Photo Credit: Pixabay Ecommerce and Taxes

 

These factors have the potential to impact Canada’s commercial properties…

Retail and mixed use property investors in particular should be alert to these trends. As well as individual investors, funds and family offices looking to exit the sliding stock market and who are evaluating new investment opportunities in real estate.

New Online Sales Taxes in the US

In June 2018, a new high court ruling empowered American states to begin levying online sales taxes. That means millions of businesses big and small who are likely to be hit with this new tax burden. If they don’t eat the losses themselves they will have to pass them on to consumers, deal with collecting and filing the taxes. That is more of a financial burden on virtual businesses and especially on startups and entrepreneurs trying to make the numbers work against Amazon’s massive marketplace and offshore merchants selling online. Implementation of these new tax laws may vary and may be complicated. What can be expected and what big brick and mortar corporations have been fighting for this for is to level the playing field and make physical retail stores more competitive again. That could be great for Canadian retailers.

Flexible Mixed Use Property Development

Robert De Niro’s Nobu brand has announced it plans to achieve $1B in sales by adding hotels and condos above it’s retail spaces and restaurants. Whether De Niro pulls this off or not, the point is that more are seeing the benefit of building and redeveloping mixed use properties.

The key to this is flexible building and structure. Rather than there being one right answer, success is built on the agility to deliver great returns in any phase of the market. This can mean income from leases during certain phases, and even selling off individual office or residential condos at market peaks.
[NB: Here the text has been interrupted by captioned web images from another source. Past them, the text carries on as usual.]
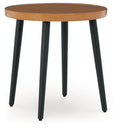 Horizon Hall - Two-tone Brown - Round End Table by Signature Design by Ashley® | Bel Furniture
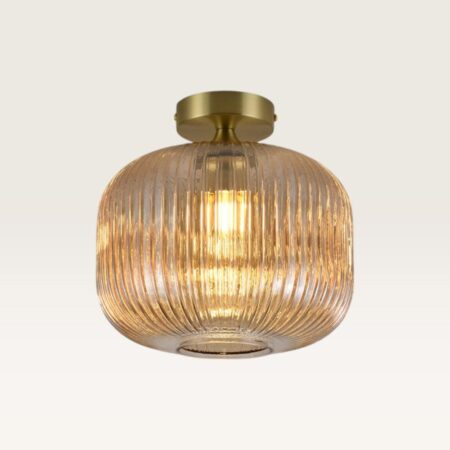 Plafondlamp Virello ambra - Lamp voor binnen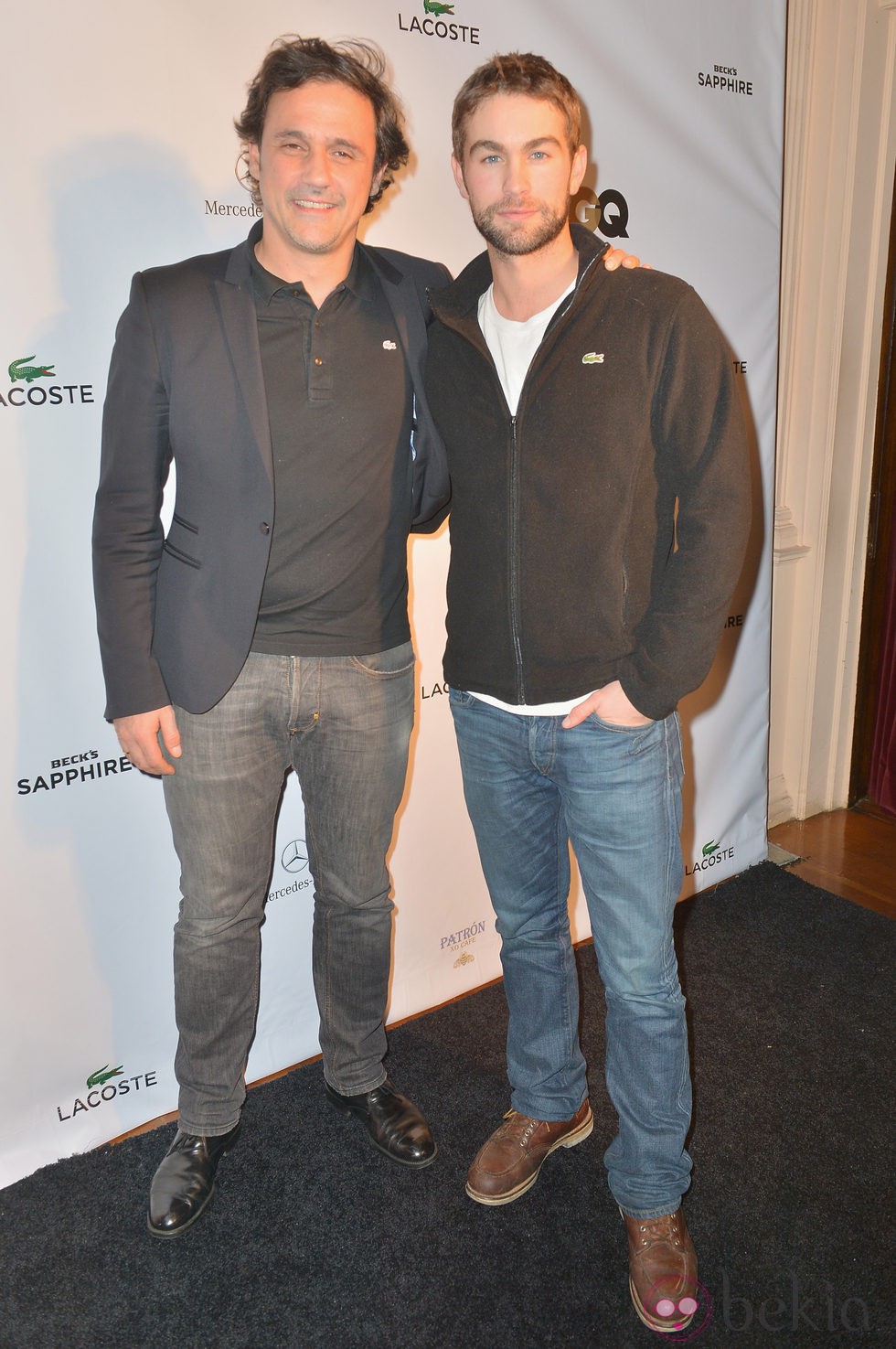 Chace Crawford y Francis Pierre en la Super Bowl 2013
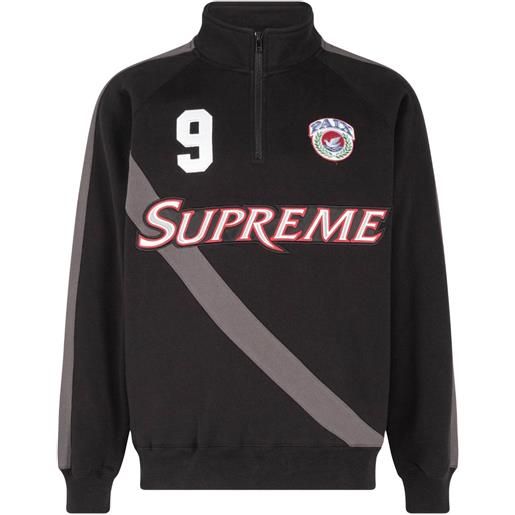 Supreme felpa equipé con applicazione - nero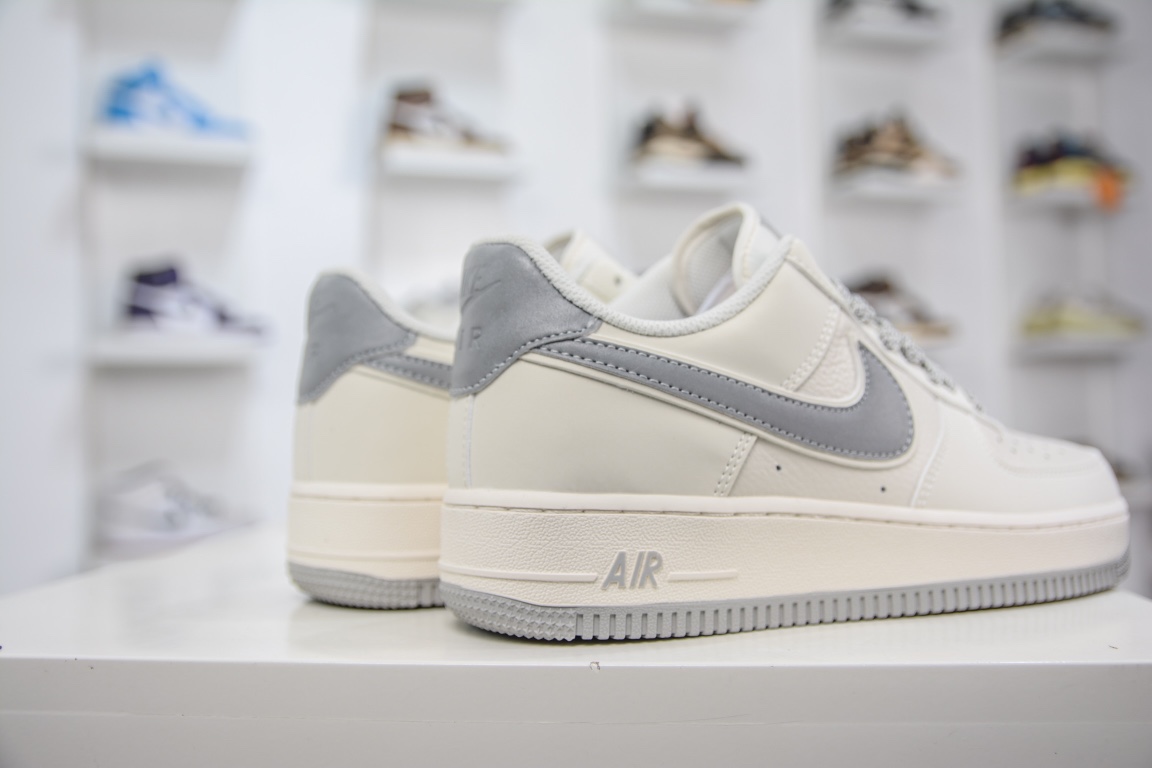 Nike Air Force 1'07 Low Rice Gray Hook Air Force No. 1 Starry Low Top Casual Sneakers GL6835-009-Top High Quatity Cheap Sneakers Fashion Clothing Clothes Bags handbags Shoes of all Brand wholesale With The best Quality And Beautiful Price from China Factory Chinese suppliers wholesaler seller Nike Air Force 1'07 Low Rice Gray Hook Air Force No. 1 Starry Low Top Casual Sneakers GL6835-009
Shareholders & Investors are Demanding More

HBC is currently facing backlash from its shareholders due to not taking full advantage of the real estate it owns. In particular, they are frustrated that the company isn’t making full use of the space to add mixed use tenants and maximize income. Investors have grown smarter and see that many Canadian commercial properties and big funds just aren’t delivering the maximum.

Summary

Between Canadian brick and mortar retailers gaining a more competitive edge against online US companies and a landscape right for redevelopment there are great opportunities for investing in commercial properties in Canada. However, there is a big difference between asset managers and opportunities, which are fully maximizing value and income potential for investors and who have the knowledge and skill to position their assets to outperform in all the market turns coming up. Choose your team and investments with this in mind.